I resolve PC on PC action by mutual agreement or by leaving it to the recipient of the action.
In essence, you don't have to be inspired, charmed, cured, blessed, or whatever, if you don't want to be.
Never comes up, though. Most people want to be healed or buffed.
The whole "what if I don't find the warlord inspiring?" argument is contrarian.
in virtually every situation where another PC is giving them a mechanical benefit at the cost of having to agree their character was inspired by a particular character that the player will automatically choose a fluff that allows them to get the buff as opposed to a fluff that does not. The only exception is if it's something really important regarding their character concept.
Why does this work in actual play so often? Because no one maps out traits about their characters like or dislike of music or like or dislike of halflings or like or dislike of whatever. And even then if they generally dislike any of those things they can also say that your particular song or halfling or whatever is an exception to the characters general dislike.
The point is that there is always fluff they can use to establish why their character was inspired by something and once the sensible fluff bridge is cross what real reason does the player have to not choose such fluffs in these situations unless it's for something he feels is going to be really important regarding his character.
So yes, i can understand your concerns on a philosophical level. Can you understand why your concerns aren't actually a problem in actual play?
I agree with both these posts. I think they are consistent with what I've said in some posts above (and on another thread in this subforum) - at most tables there is just not this degree of drilling down into the fiction, and if there is then the players will just author the fiction they need to make it work.
the target of the spell doesn't have to love you for casting it, even if they accept the effect.
the most obvious explanation for what was happening in the fiction was that my character was revering the warlord and obediently following her lead.
I do dislike having to picture my character as worshiping the warlord's wonderfulness every time she handed out bonuses. And that's in spite of the fact that I have no personal beef with the player of the character.
Well--it probably doesn't help that people keep holding up Aragorn and/or Gandalf as examples. I mean, practically every good-aligned character in the books holds them in almost holy reverence
I think this is a misreading of LotR. Frodo, Faramir, Boromir, Legolas et al do not hold Gandalf or Aragorn in holy reverence. That would be sacrilege; and for Gandalf or Aragorn to accept such reverence would be to commit the sin of pride of which Sauron is guilty (and arguably the Ringwraiths also, in their lust for domination which led them to take the rings from Sauron).

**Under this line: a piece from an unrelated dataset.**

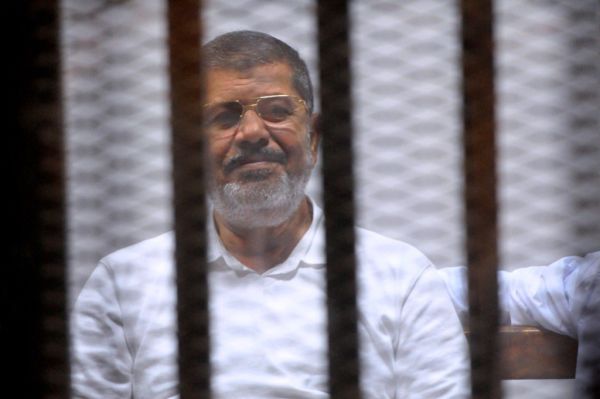 مستشار محمد بن زايد ينتقد حكم القضاء المصري على مرسي ويقول فيه الكثير من القسوة والظلم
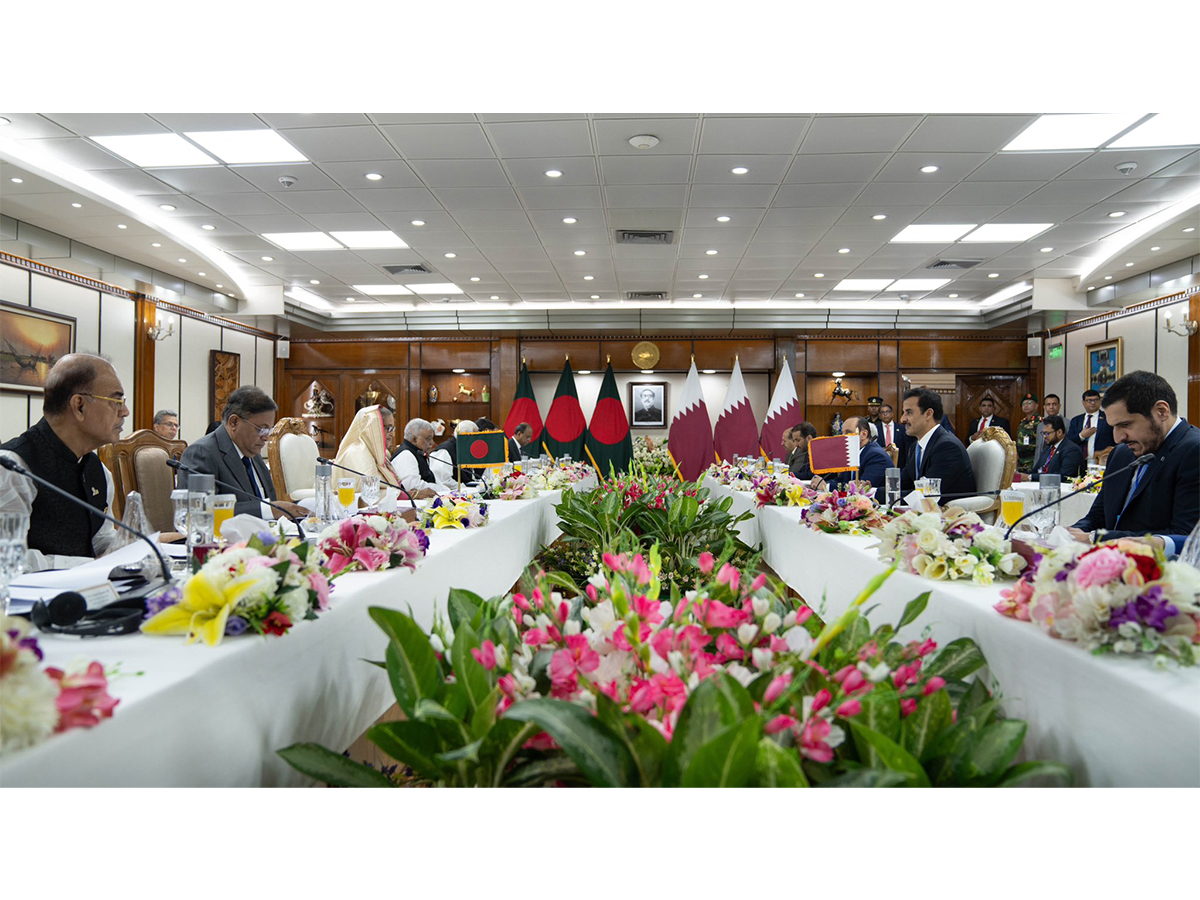 Son Altesse l'Émir et Mme le Premier ministre du Bangladesh tiennent une séance de discussions officielles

Gandalf and Aragorn aren't
worshipped. They are loved, admired and respected.
Which leads me to my main point: I am extremely puzzled by your "most obvious" explanation.
[MENTION=6801209]mellored[/MENTION] has already mentioned upthread, mulitple times, that one person might inspire another through the words they use, and the strength of their personality, without the inspired person loving or admiring them.
I would add that it is not uncommon for one person to come to respect another person
because that other person is inspiring to them; that is, respect is an effect and not a cause of inspiration. I also think that it is possible to be inspired or motivated by someone you don't particularly care for, at least in certain circumstances.
But even if we put all these cases to one side, and treat admiration, love or respect as the paradigm - I don't see the problem. D&D is based around party play. In the typical D&D campaign the PCs spend nearly all their time together, having one another's backs in life and death situations. They regularly take risks on one another's behalf, contribute large sums of money to raising one another from the dead, etc.
To me, it is natural that such people should feel admiration, respect and/or love for one another. Which means that this narrative of the warlord doesn't raise any problems - the reason the warlord is able to inspire my PC is because s/he is someone whom my PC respects and admires.
A typical D&D party is not comprised of hierarchical command structures designed to enforce and illicit subordination.
This raises the same issue. Why would anyone suppose that
subordination is a necessary condition of
inspiration? Legolas, for instance, isn't
subordinate to Aragorn - Aragorn is his friend and companion, not his master.
The only explanation for the above statement is that you clearly do not understand what "agency" means.
<snip>
The real question is, who's the bigger jerk? Bill and Jim for invalidating their friend's choice of character by exercising their agency? Or Mike for putting them in that position in the first place by making a character designed to rob them of said agency?
It's a warlord issue because what you want in a warlord necessarily creates this damned-if-you-do-damned-if-you-dont situation.
It's only "damned if you do or damned if you don't" if there is some sort of cost to playing my PC as respecting or admiring your PC. But why is that a cost? How is that inconsistent with the way that most D&D party play unfolds?
In other posts on the warlord I have conjectured that the real source of the warlord divide is differing conceptions of protagonists, as either self-sufficient atoms, or as related to and even dependent on others. It seems to me that only if you have the former conception would it be some sort of
burden on your agency, as a player, to play your PC as admiring and respecting a fellow PC.